According to the survey, 76 percent of the investors with $1 million or more in assets stick to their investment strategy – which is more than people with $500,000 or more in assets (68 percent) and more than those who have between $100,000 and $500,000 in assets (58 percent).

(Of those surveyed, 42 percent had $100,000 to $500,000 in investible assets, 31 percent had $500,000 to $1 million, and 23 percent had more than $1 million.)

Also interesting is that more retirees (75 percent) than non-retirees (62 percent) and more men (72 percent) than women (65 percent) are more likely to stick to their investment plan and strategy.

(Nearly half of the survey participants were retired and nearly half were women.)

The survey also digs deeper into these investors’ specific strategies and appetite for investing.

To generate income for a long retirement, 75 percent of the survey participants plan to stay invested in equities, and 74 percent also believe the right mutual funds can outpace the market and do better than average.

The survey also finds that 72 percent say mutual funds with objectives such as growth and income, lower volatility and low fees can help people “live better and enjoy their active retirement years.”

Four of five investors surveyed also said protecting their savings from market downturns is a key priority.
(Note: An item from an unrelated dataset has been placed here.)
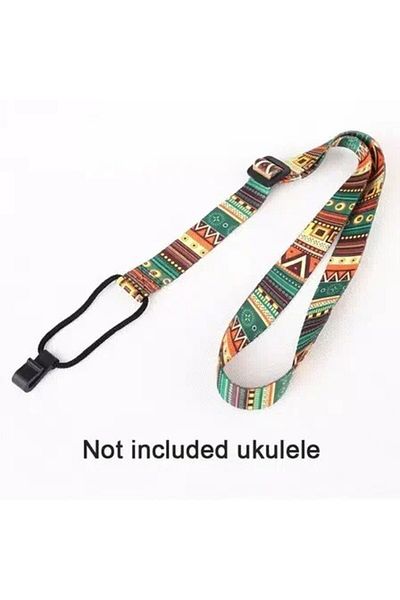 Miwayer Ethnic Ethnic Style Ukulele Strap Durable Adjustable Clip-on Hawaii Guitar Belt Sling Instru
While investors in the survey expressed that they want to protect the downside and want funds that are less volatile and more resilient, the survey finds that their understanding of how funds perform in various market conditions is limited.

According to the survey, only half (53 percent) of investors are aware that index funds deliver the actual stock market performance and expose investors to the full ups and downs of the market. (American Funds is a major purveyor of actively managed funds.)

The survey also finds that nearly two-thirds of respondents didn’t agree that index funds were riskier for those with a shorter time horizon to bounce back from a market downturn.